Issue (i): Whether entry 20C(a) of the Schedule to the Karnataka Tax on Professions, Trades, Callings and Employments Act, 1976 was ultra vires section 3(2) because it referred to a nursing home rather than a person liable to pay tax.
Analysis: Section 3(1) levies tax on professions, trades, callings and employments, and section 3(2) fastens liability on the person engaged in the activity specified in the Schedule. Reading the Act as a whole, the subject of taxation is the profession or calling, but the liability is on the person who carries it on. Entry 20C(a), though inartfully worded, clearly refers to the person who runs nursing homes and hospitals, except those run by the State or Central Government.

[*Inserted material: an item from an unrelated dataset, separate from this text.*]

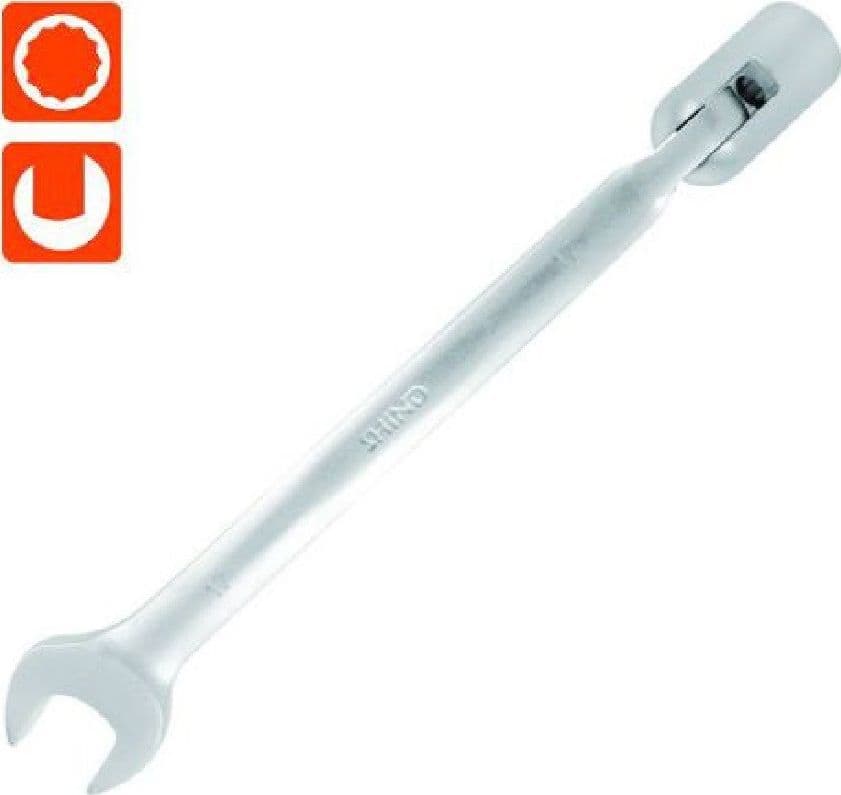 CHIAVE COMBINATA 17MM FISSA E A BUSSOLA POLIGONALE CON SNODO CROMO VANADIO 97565 - 2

The apparent defect in expression did not make the provision unworkable, and any ambiguity could be resolved by harmonious construction of the charging provision and the Schedule.

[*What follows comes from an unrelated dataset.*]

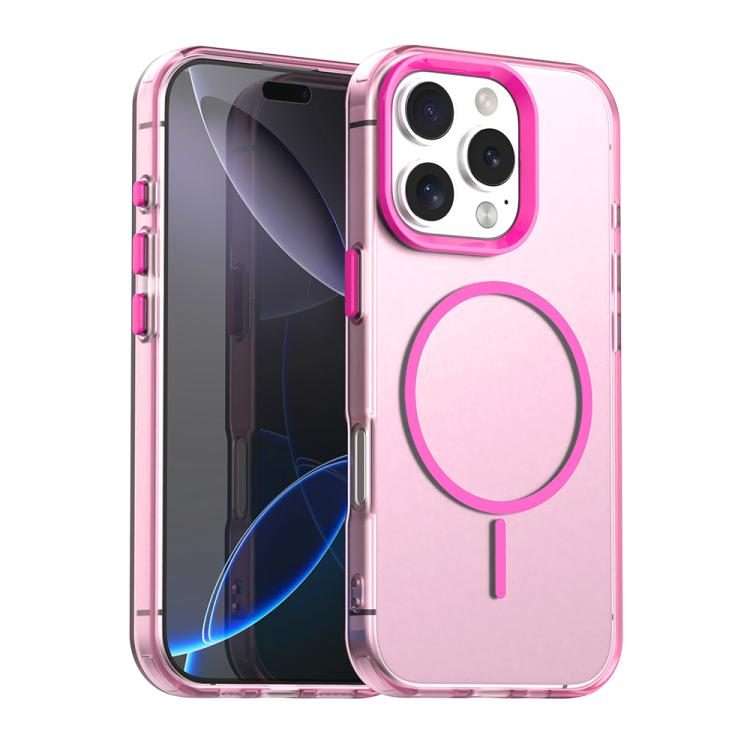 For iPhone 16 Pro Max Candy Fine Circle Magsafe PC Hybrid TPU Phone Case(Red)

Conclusion: Entry 20C(a) was held to be valid and not ultra vires section 3(2); the contention was rejected.
Issue (ii): Whether entry 20C(a) of the Schedule to the Karnataka Tax on Professions, Trades, Callings and Employments Act, 1976 offended article 14 of the Constitution of India by creating an arbitrary and irrational classification and by imposing a higher tax on nursing homes than on medical practitioners.
Analysis: A nursing home is an organised establishment distinct from an individual medical practitioner's clinic. It ordinarily involves greater capital investment, staff, beds, nursing care and wider facilities, and may even be run as a business by persons who are not themselves medical practitioners. The Legislature has wide latitude in taxation, and exact or microscopic classification is not required. The challengers failed to show that the levy was patently arbitrary, hostile, or so excessive as to be discriminatory. No de facto discrimination or unconstitutional inequality was established.
Conclusion: Entry 20C(a) was held not to violate article 14; the constitutional challenge failed.
Final Conclusion: The impugned tax entry was upheld and the writ petition was dismissed.
Ratio Decidendi: In taxation matters, a provision will not be struck down for imperfect drafting or broad classification if, on harmonious construction of the statute as a whole, the legislative intent is clear and no hostile discrimination is shown.